◆ **WORK REQUIRED**
Once you find the line that contains "O deputado federal" in the entries below, give it again along with every following line, unchanged, through the final one.

╭──

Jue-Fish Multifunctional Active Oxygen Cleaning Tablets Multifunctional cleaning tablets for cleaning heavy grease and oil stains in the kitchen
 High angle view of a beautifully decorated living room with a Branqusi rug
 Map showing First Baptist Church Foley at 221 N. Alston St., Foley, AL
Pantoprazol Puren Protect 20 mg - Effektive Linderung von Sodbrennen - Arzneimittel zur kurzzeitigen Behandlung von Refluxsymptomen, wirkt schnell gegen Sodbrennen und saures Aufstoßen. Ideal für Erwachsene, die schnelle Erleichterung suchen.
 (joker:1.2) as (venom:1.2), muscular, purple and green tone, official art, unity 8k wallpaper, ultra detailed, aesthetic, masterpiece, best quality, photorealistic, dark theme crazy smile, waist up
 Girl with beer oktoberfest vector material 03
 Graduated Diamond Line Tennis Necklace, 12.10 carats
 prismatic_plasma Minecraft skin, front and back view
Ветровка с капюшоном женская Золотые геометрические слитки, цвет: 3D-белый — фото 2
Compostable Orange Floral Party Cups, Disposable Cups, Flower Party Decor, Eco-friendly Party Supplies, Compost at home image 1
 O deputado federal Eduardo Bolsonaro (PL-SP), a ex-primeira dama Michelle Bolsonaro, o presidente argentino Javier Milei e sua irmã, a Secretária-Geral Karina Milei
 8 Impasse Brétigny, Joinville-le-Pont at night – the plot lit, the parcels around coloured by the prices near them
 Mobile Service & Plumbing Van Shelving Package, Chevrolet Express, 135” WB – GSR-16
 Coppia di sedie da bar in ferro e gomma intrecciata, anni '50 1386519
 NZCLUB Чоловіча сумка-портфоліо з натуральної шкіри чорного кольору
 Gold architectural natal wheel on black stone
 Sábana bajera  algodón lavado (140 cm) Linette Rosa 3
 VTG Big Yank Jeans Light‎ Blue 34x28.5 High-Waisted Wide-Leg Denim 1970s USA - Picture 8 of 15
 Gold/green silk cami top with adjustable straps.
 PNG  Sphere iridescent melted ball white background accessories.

╰──

◆ **TASK RESULT**
 O deputado federal Eduardo Bolsonaro (PL-SP), a ex-primeira dama Michelle Bolsonaro, o presidente argentino Javier Milei e sua irmã, a Secretária-Geral Karina Milei
 8 Impasse Brétigny, Joinville-le-Pont at night – the plot lit, the parcels around coloured by the prices near them
 Mobile Service & Plumbing Van Shelving Package, Chevrolet Express, 135” WB – GSR-16
 Coppia di sedie da bar in ferro e gomma intrecciata, anni '50 1386519
 NZCLUB Чоловіча сумка-портфоліо з натуральної шкіри чорного кольору
 Gold architectural natal wheel on black stone
 Sábana bajera  algodón lavado (140 cm) Linette Rosa 3
 VTG Big Yank Jeans Light‎ Blue 34x28.5 High-Waisted Wide-Leg Denim 1970s USA - Picture 8 of 15
 Gold/green silk cami top with adjustable straps.
 PNG  Sphere iridescent melted ball white background accessories.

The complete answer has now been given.